- [Exercise]
The line containing "Used 2025 Toyota Camry Hybrid image 11" and every line after it, through the end of the material: copy these exactly and nothing else, leaving pictures out.

- [Data excerpts]
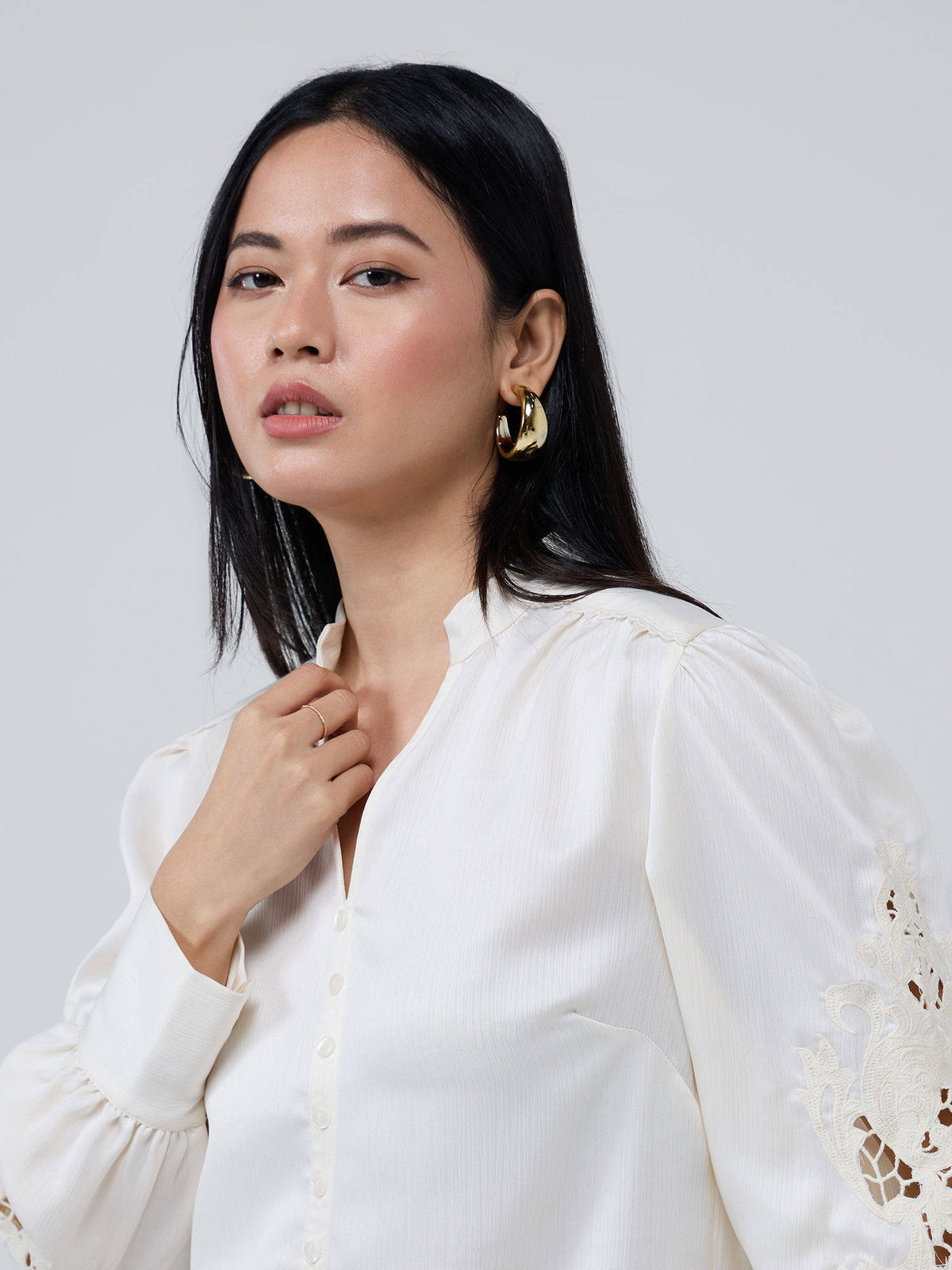Cream Mandarin Neck Cut Work Detail Shirt | S67 - view 5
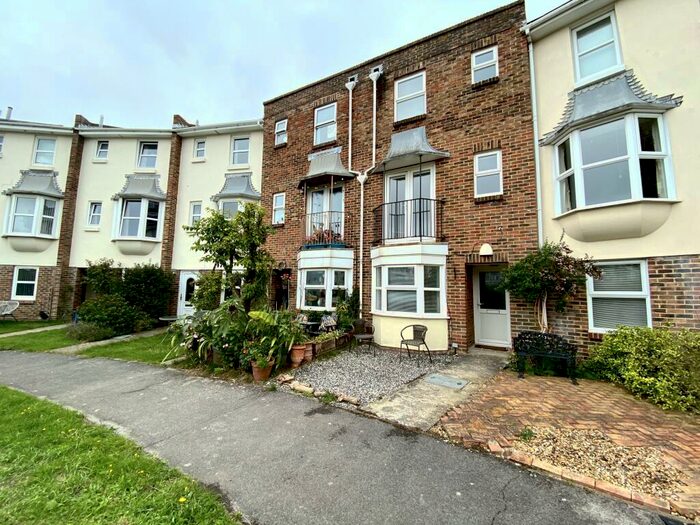 1 Bedroom House To Rent In Burgoyne Road, Southsea, PO5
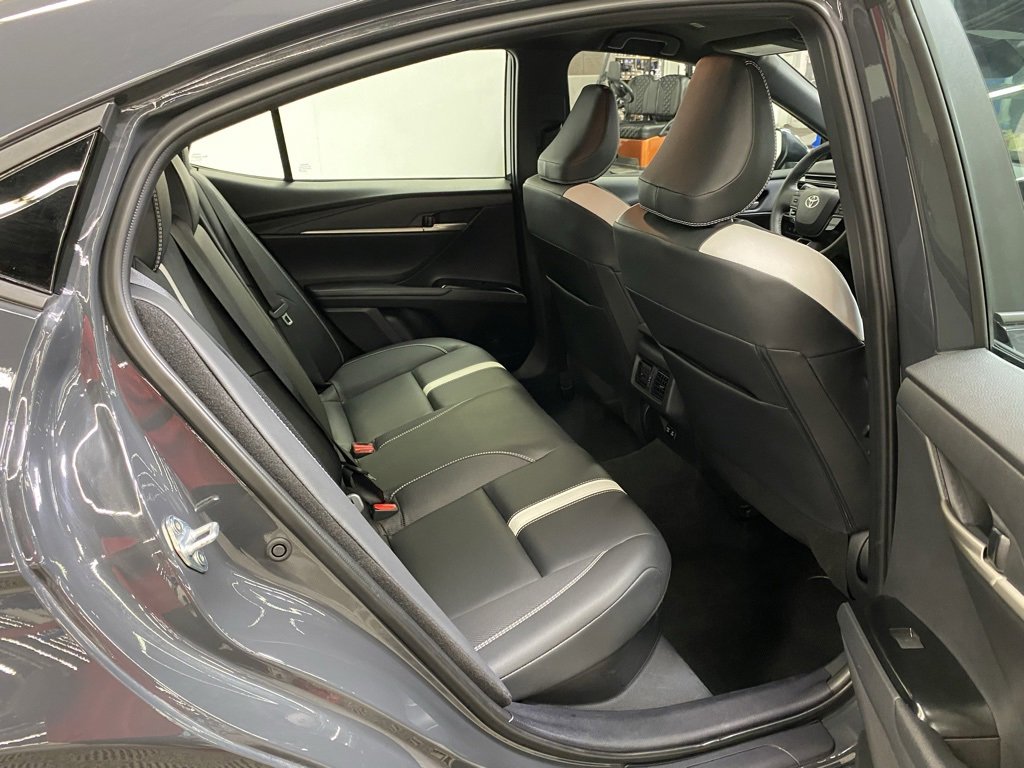 Used 2025 Toyota Camry Hybrid image 11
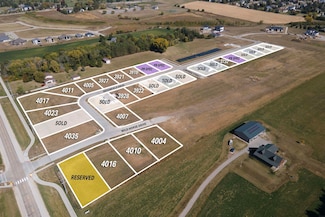 3915 Broomfield Dr, Cedar Falls, IA 50613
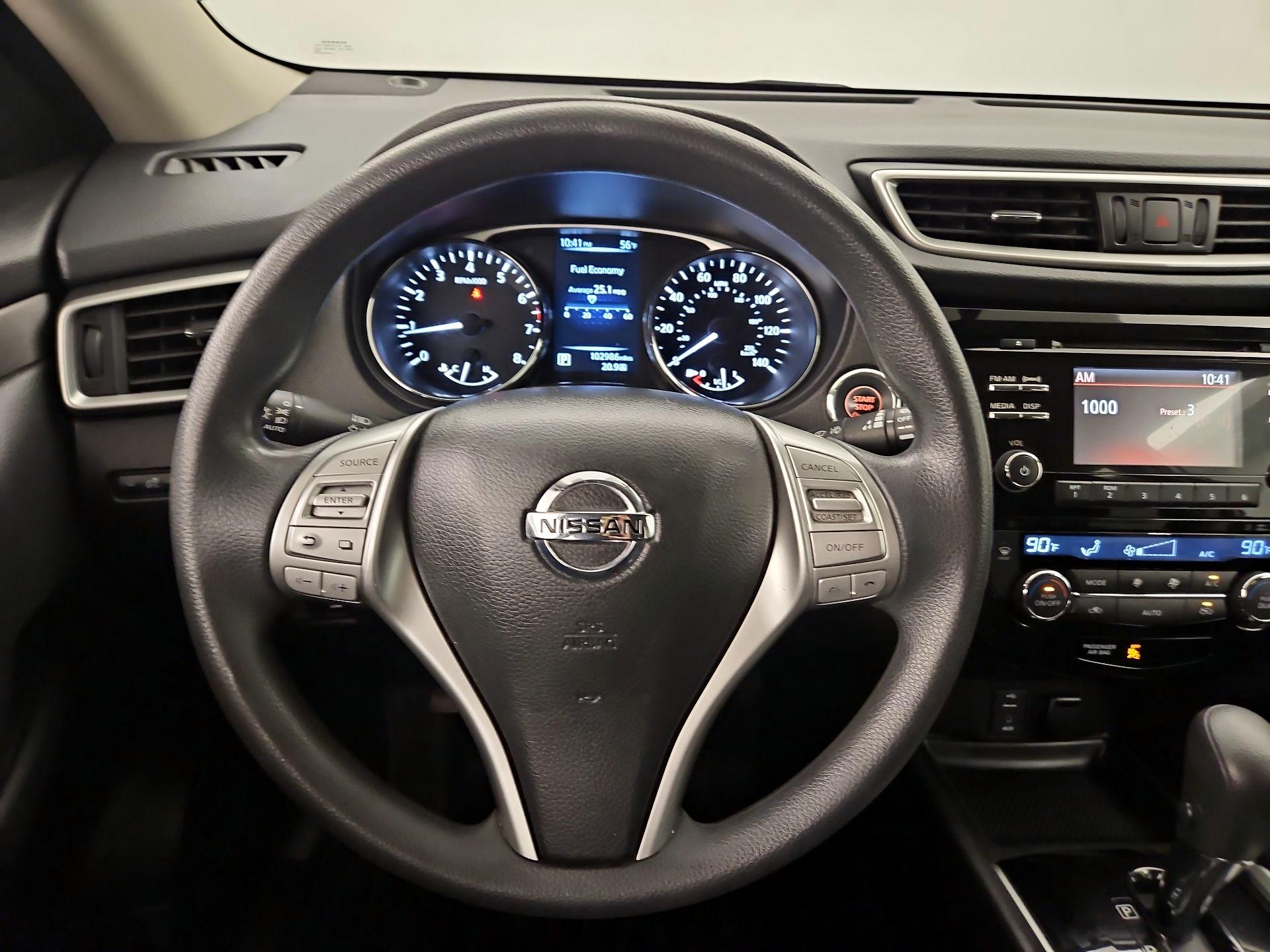 Thumbnail: 2015 Nissan Rogue - 10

- [Expected answer]
 Used 2025 Toyota Camry Hybrid image 11
 3915 Broomfield Dr, Cedar Falls, IA 50613
 Thumbnail: 2015 Nissan Rogue - 10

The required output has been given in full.